Everything is more dense when cold, because cold basically equals "less excited" atomic structures and so they all settle down and pack in a bit tighter. So cold air is nice, because you can basically pack in MORE air (density speaking) with the same engine, so along with more fuel you will get more power.

But, let's flip this around...

You have cold FUEL, but still have hot air (turbocharged for example) Ok, so the more dense FUEL will be sprayed on top of hot air. Well now you have more fuel than you really needed, so you start running rich(er). This doesn't create more power...

Of course, there are secondary objectives to cold fuel. First off, it can help cool down the combustion chamber surfaces, leading to potentially less detonation if you're running the engine at the bleeding edge of performance. The cold fuel could also cool off the air a small bit, so maybe you'll get some help there...
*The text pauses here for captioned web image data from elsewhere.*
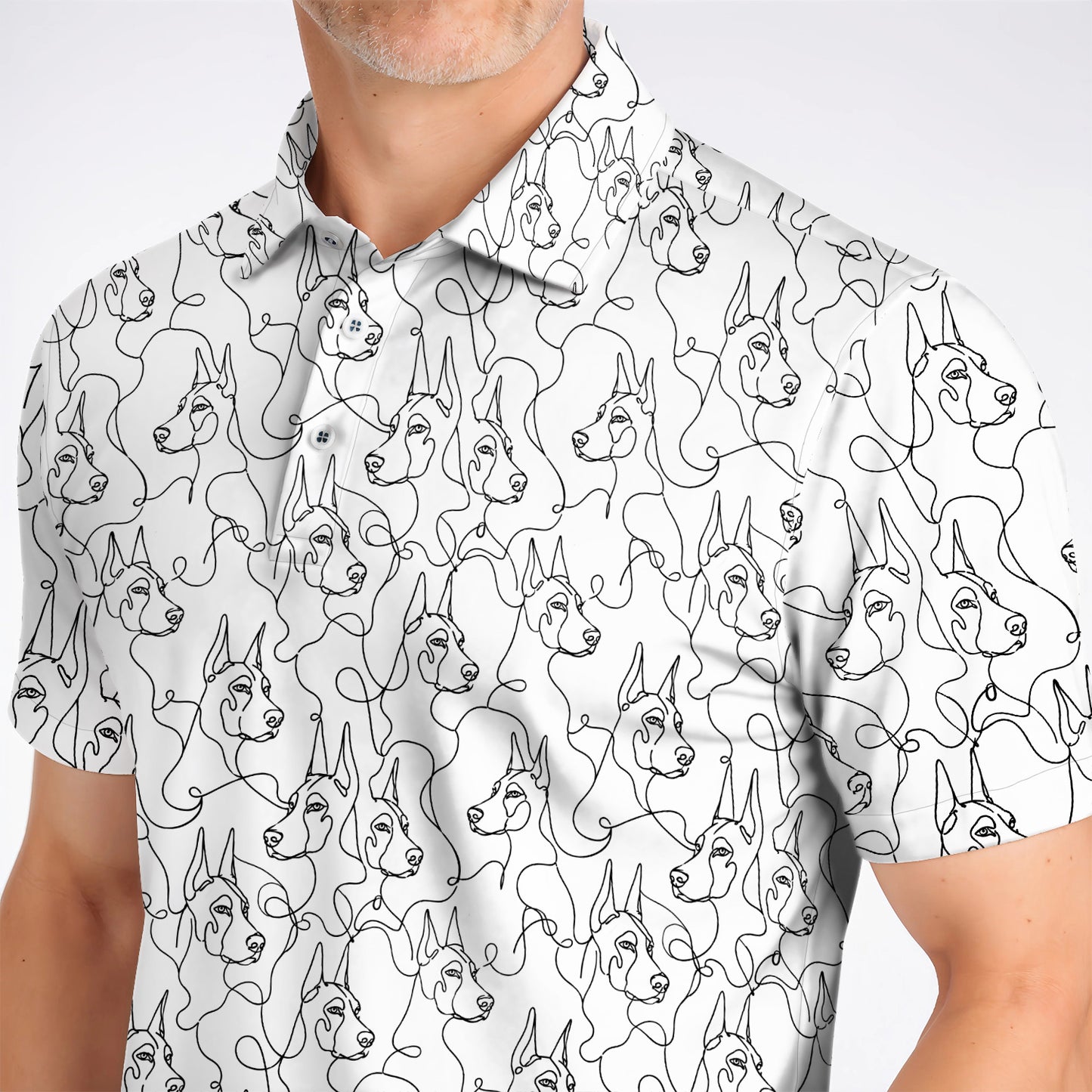 Doberman Line Art Golf Polos, Minimalist Doberman Pattern Golf Shirt, Dog Lover Golf Gift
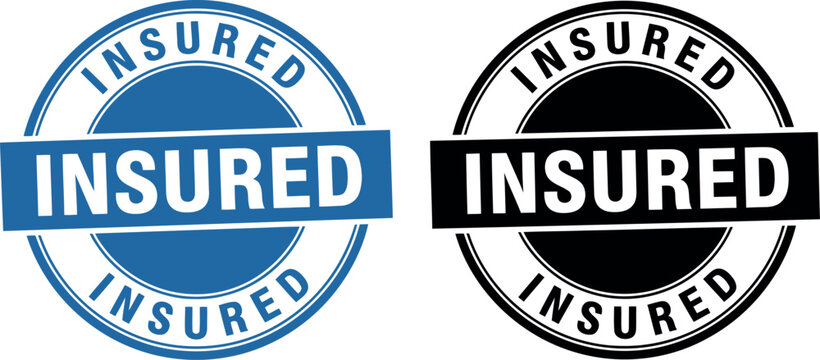 Insured Stamp Badge Vector Set in Blue and Black for Insurance and Guarantee Concepts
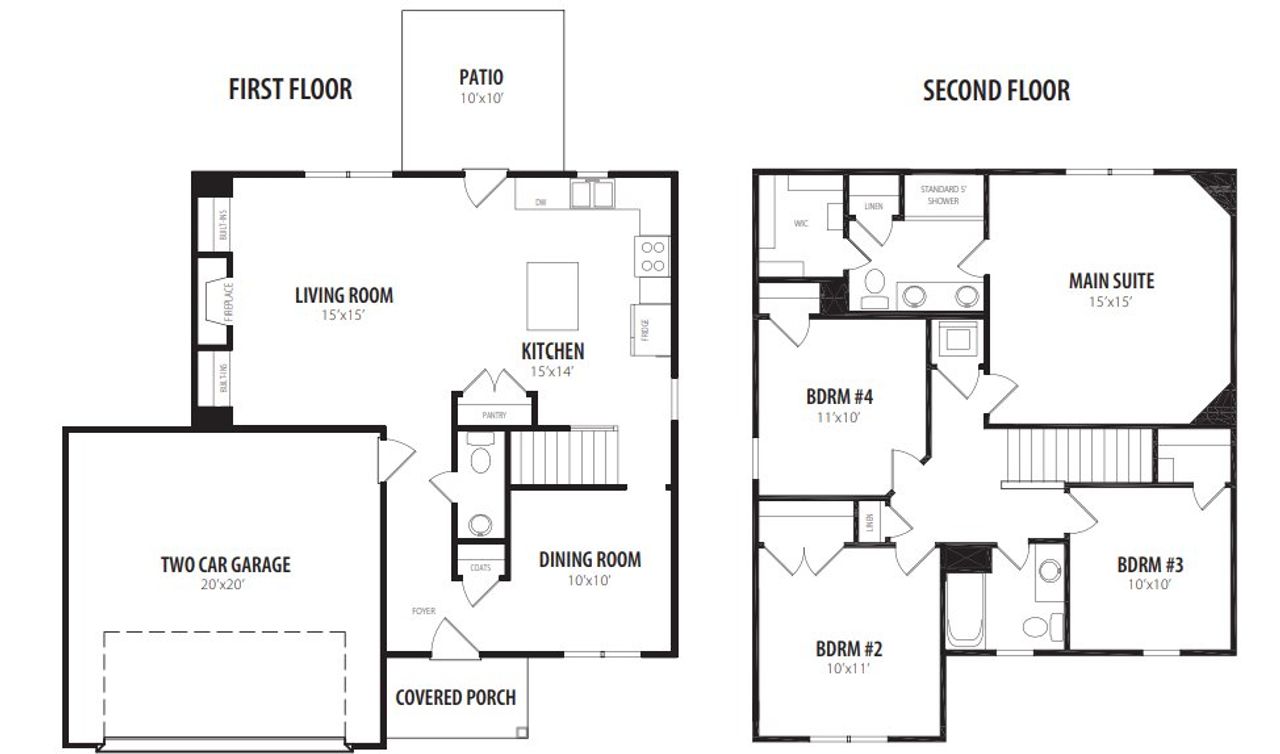 2D floor plan layout for the Yosemite by RiverWILD Homes in Brodie Rose Landing, Smithfield, NC (Image 2). 2D floor plan layout for the Yosemite by RiverWILD Homes in Brodie Rose Landing, Smithfield, NC (Image 2).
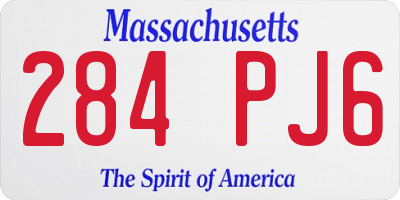 MA license plate 284PJ6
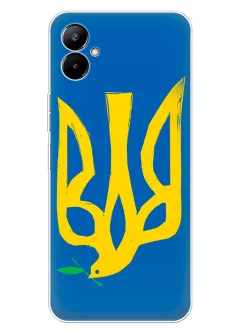 Чехол на Tecno Pova 4 с сильным и добрым гербом Украины в виде ласточки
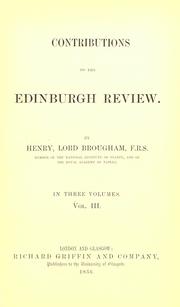 Cover of: Contributions to the Edinburgh Review.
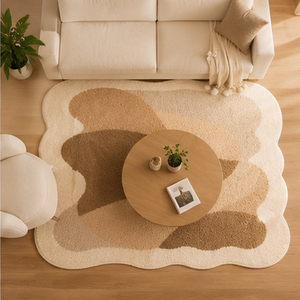 Tapete Wabi-Sabi Irregular para Sala em Tons Claros – Viorenna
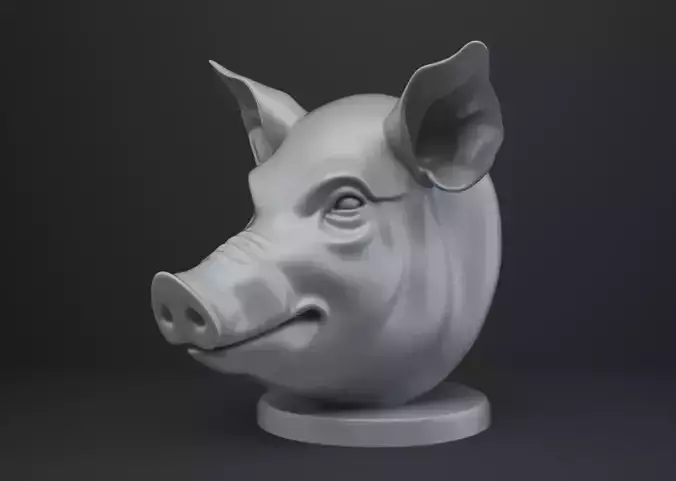 Pig Bust - Animal Figurine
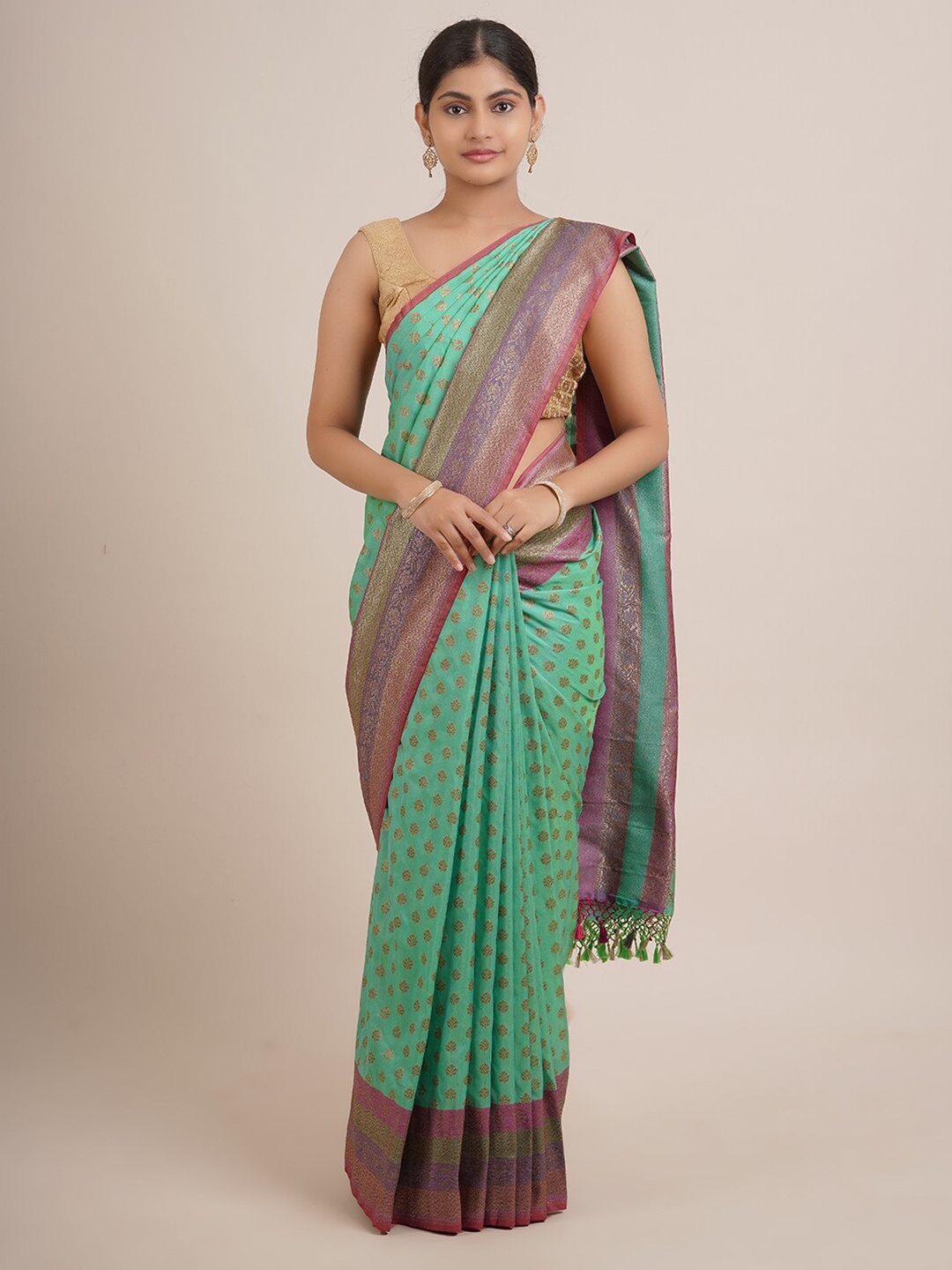 

Pothys Green & Purple Floral Pure Silk Saree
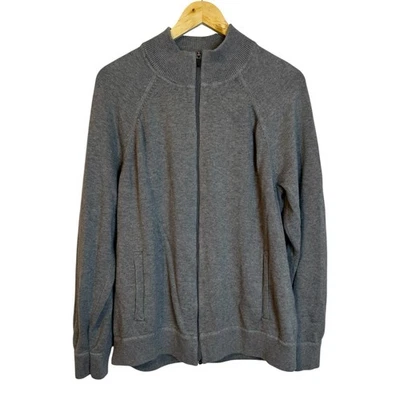 Lands End Unisex Gray Cotton Modal Full Zip Sweater Jacket Large - Image 1 of 4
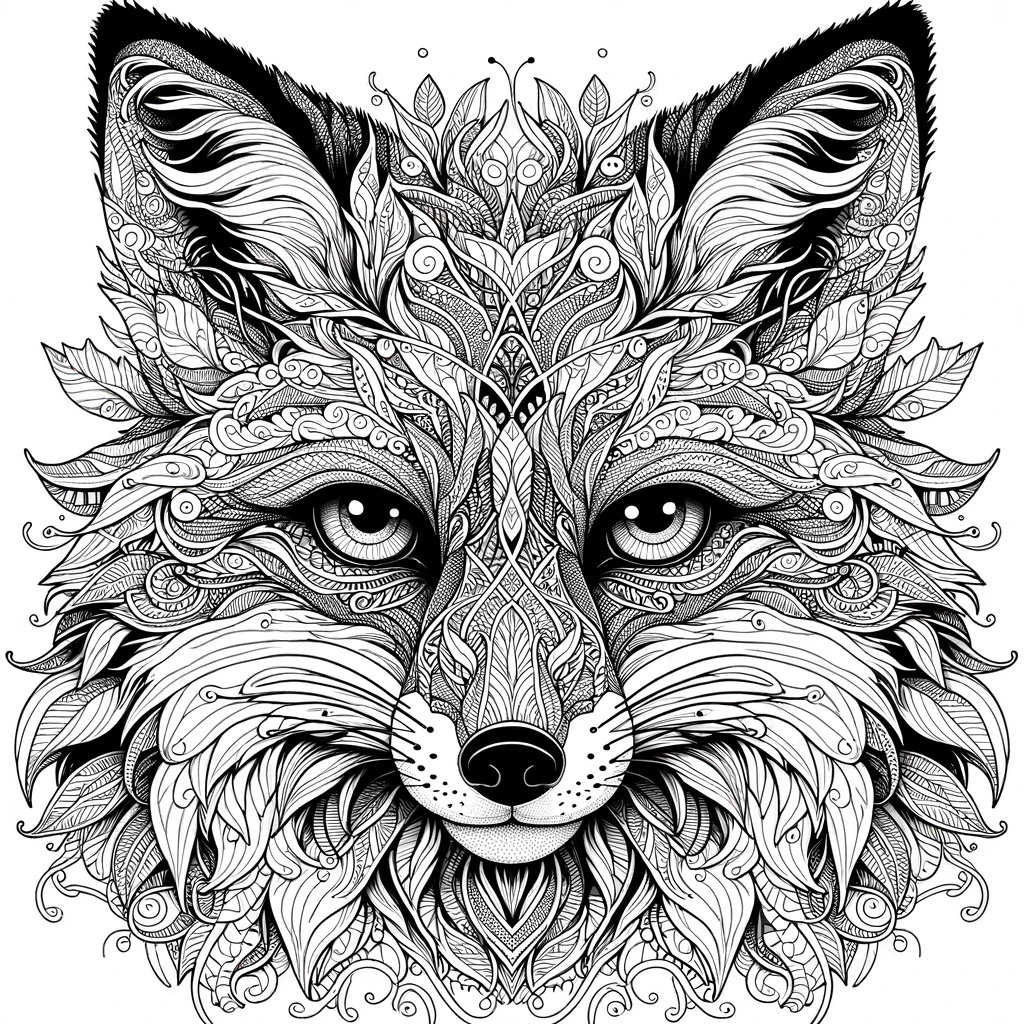 Detailed fox for adults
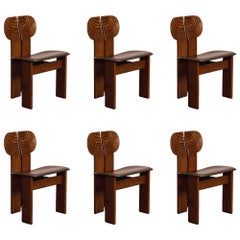 Afra & Tobia Scarpa "Africa" Chairs for Maxalto, Dark Brown, 1975, Set of 6
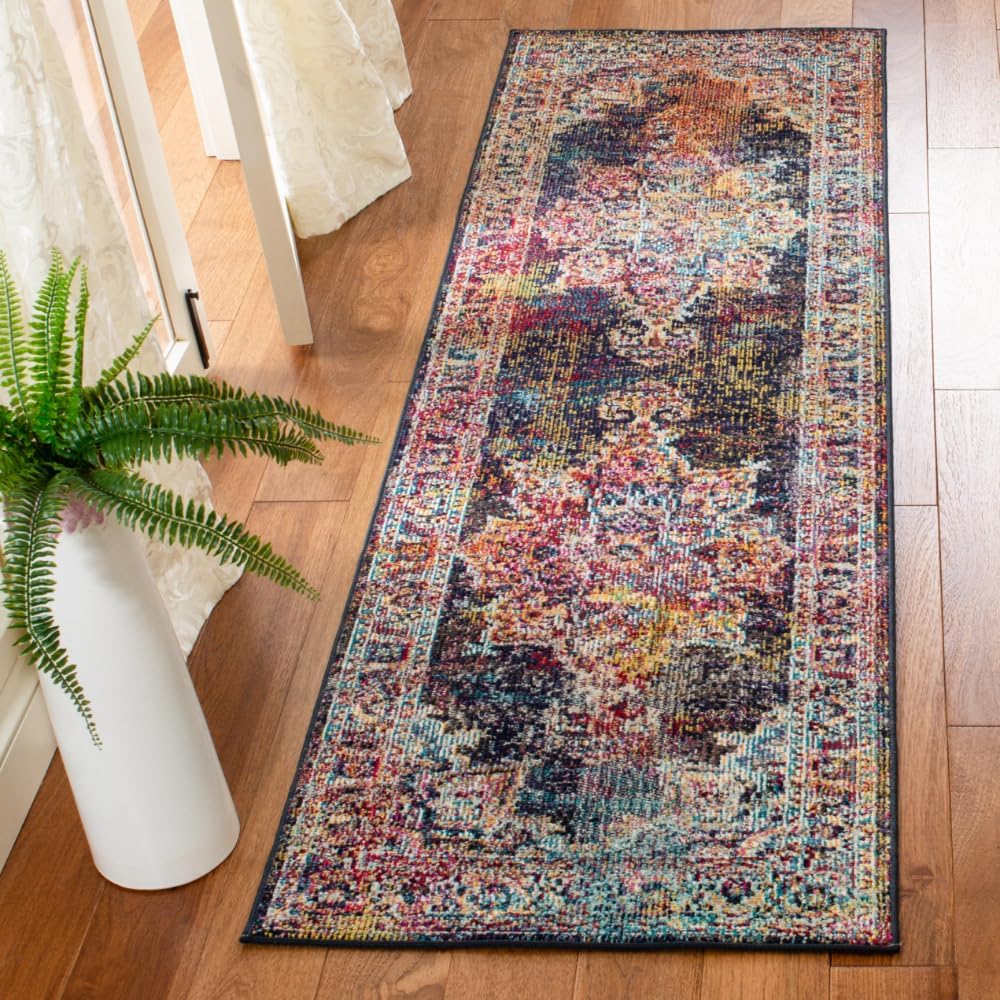 SAFAVIEH Crystal Collection Runner Rug - 2'2" x 7', Navy & Light Blue, Medallion Distressed Design, Non-Shedding & Easy Care, Ideal for High Traffic Areas in Living Room, Bedroom (CRS513H)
I guess I could see it adding some help, but I guess it would just depend on how much fuel your car really sucks down. If you're driving a little gas-miser econobox (which, like it or not, all of us Tiburon/Elantra/Accent owners are) then I'm not really sure how much you'd see.

But if you're running bigger displacement OR you're running some forced induction (dynamically bigger displacement) then the added fuel needs may benefit from some cooling.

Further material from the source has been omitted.